Peer sprang auf, gestikulierte wild, spielte gleichzeitig sich selbst und den Hirsch. Seine Stimme wurde lauter, dramatischer. „Über Schluchten sprangen wir, durch reißende Bäche, die Klippen hinauf und hinunter! Der Wind pfiff mir um die Ohren, die Welt verschwamm zu einem bunten Strudel. Und dann, Mutter, dann kamen wir an den Rand des Grats. Tausend Meter ging es hinunter, nichts als Luft und Tod unter uns. Der Hirsch zögerte, aber ich trieb ihn vorwärts. ‚Spring!', rief ich. ‚Spring, oder wir sind beide verloren!'"

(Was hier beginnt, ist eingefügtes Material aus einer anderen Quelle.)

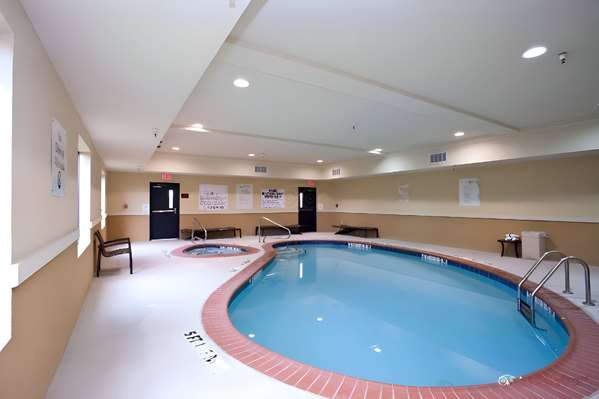 Comfort Inn & Suites Dallas Medical-Market Center — 4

Aase hatte aufgehört zu nähen. Sie starrte ihren Sohn an, hin- und hergerissen zwischen Ärger und einer seltsamen Bewunderung für seine Fantasie. „Und dann?", fragte sie wider Willen.
„Wir sprangen! Durch die Luft segelten wir wie Adler, nein, wie Götter! Unter uns der Abgrund, über uns der Himmel, und für einen Moment – nur einen winzigen Moment – war ich frei von allem. Frei von der Armut, frei von den Blicken der Leute, frei von..." Er brach ab, sein Blick wurde für einen Augenblick leer, als sähe er etwas, das er nicht in Worte fassen konnte.
„Frei von der Wahrheit", vollendete Aase bitter. „Peer, mein Junge, wann wirst du endlich aufhören zu lügen?"
„Lügen?" Peer sah sie verletzt an. „Mutter, nur weil du es nicht gesehen hast, heißt das nicht, dass es nicht wahr ist. Die Welt ist größer als das, was deine Augen sehen können."
„Die Welt ist genau so groß, wie sie ist", erwiderte Aase. „Und in dieser Welt sind wir arm, dein Vater hat unser Vermögen versoffen, und du... du verschwendest deine Zeit mit Träumereien, statt zu arbeiten!"
Peer setzte sich wieder, diesmal näher bei seiner Mutter. Er nahm ihre raue Hand in seine. „Aber Mutter, was ist das Leben ohne Träume? Sollen wir wie die anderen sein, die jeden Tag dasselbe tun, dieselben Wege gehen, dieselben Gedanken denken? Ich bin für Größeres bestimmt, das spüre ich."
„Größeres?" Aase lachte bitter auf. „Weißt du, was morgen ist? Ingrid Haegstad heiratet. Das ganze Tal ist eingeladen. Nur wir nicht. Weil wir niemand sind, Peer. Weil dein Vater uns zu Niemanden gemacht hat, und du..." Sie brach ab, Tränen glänzten in ihren Augen.
„Ingrid heiratet?" Peers Augen verengten sich. Er kannte Ingrid, das reichste Mädchen im Tal. Einmal, vor Jahren, hatten sie zusammen getanzt. Sie hatte gelacht über seine Geschichten, hatte ihm zugehört, als er von seinen Plänen erzählte, die Welt zu erobern. „Wen heiratet sie?"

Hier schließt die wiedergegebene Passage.